Sementara mantan Menteri Penerangan Yunus Yosfiah mengimbau kaum pekerja tidak memaki-maki dan berlaku anarkis dalam menyampaikan aspirasinya.

"Meski hidup susah, tapi perilaku buruh tidak boleh anarkis. Tindakan anarkis akan menjadikan pekerja dibenci. Namun jika sopan dan damai maka akan disegani," kata anggota DPR itu.

Yunus dalam siaran pers KSPSI yang diterima di Jakarta, Jumat, menilai ada anggapan salah jika upah/gaji buruh murah dapat menjadikan investor lari.
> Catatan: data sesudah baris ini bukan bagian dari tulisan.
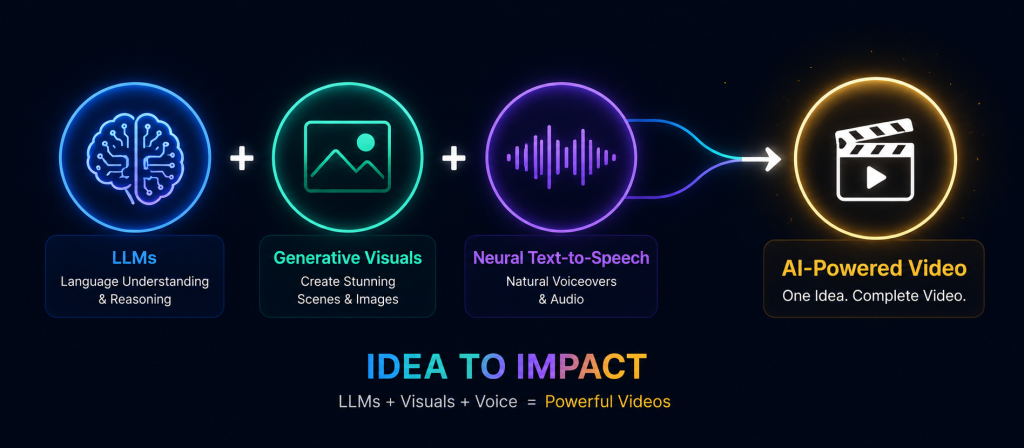 Things Covered in AI Storytelling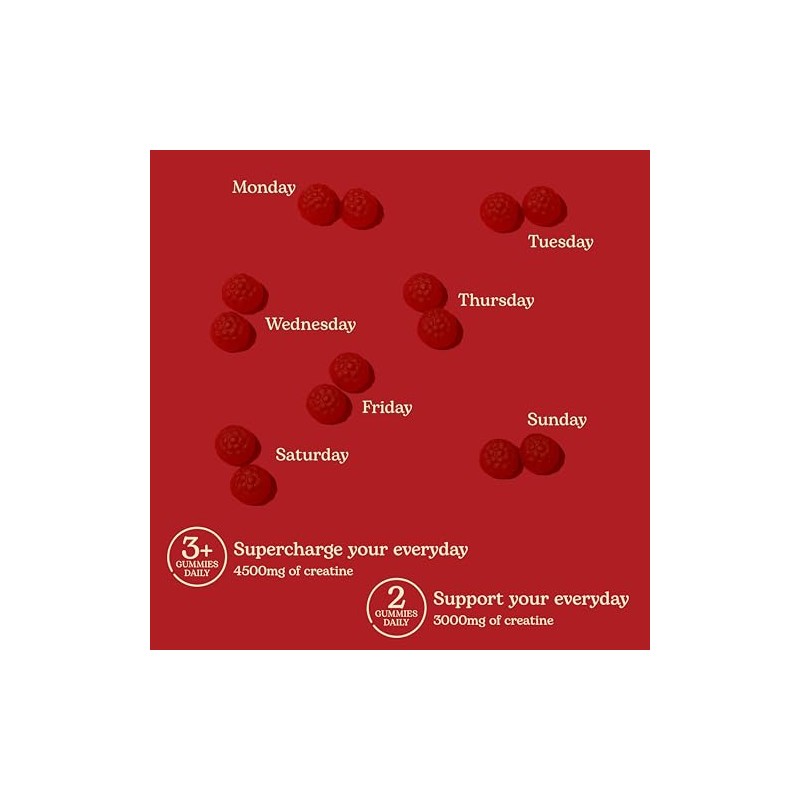 Motiv Creatine Monohydrate — 90 Gummies with 3000mg per Serving.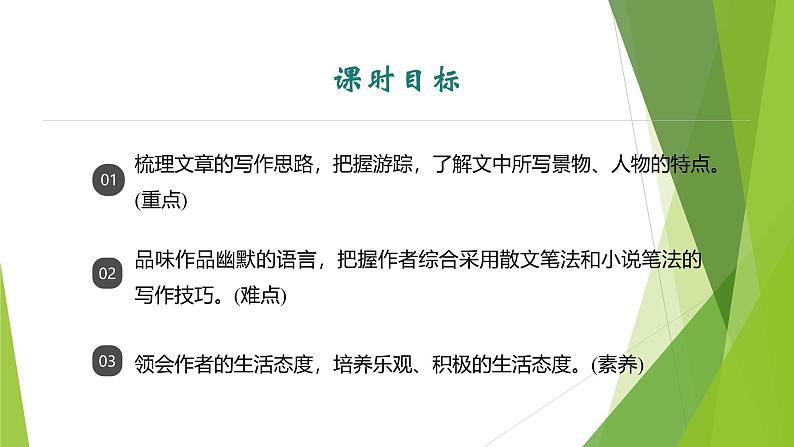 课件：部编版初中语文八年级下册第19课 登勃朗峰第2页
Gaji buruh berkualitas harus tinggi, kata Yunus, karena akan meningkatkan kinerja dan efisiensi. Cara itu akan menarik investor, seperti di Jerman yang akhirnya unggul di bidang ekspor.

"KSPSI harus menuntut pemerintah segera menaikkan gaji buruh. Jangan mau menerima ketentuan upah minimum karena nilainya rendah," katanya.

Sebelumnya, bertepatan dengan peringatan Hari Sumpah Pemuda 28 Oktober 2010, Tambing meluncurkan buku berjudul "Pokok-pokok Perjuangan Hukum Ketenagakerjaan".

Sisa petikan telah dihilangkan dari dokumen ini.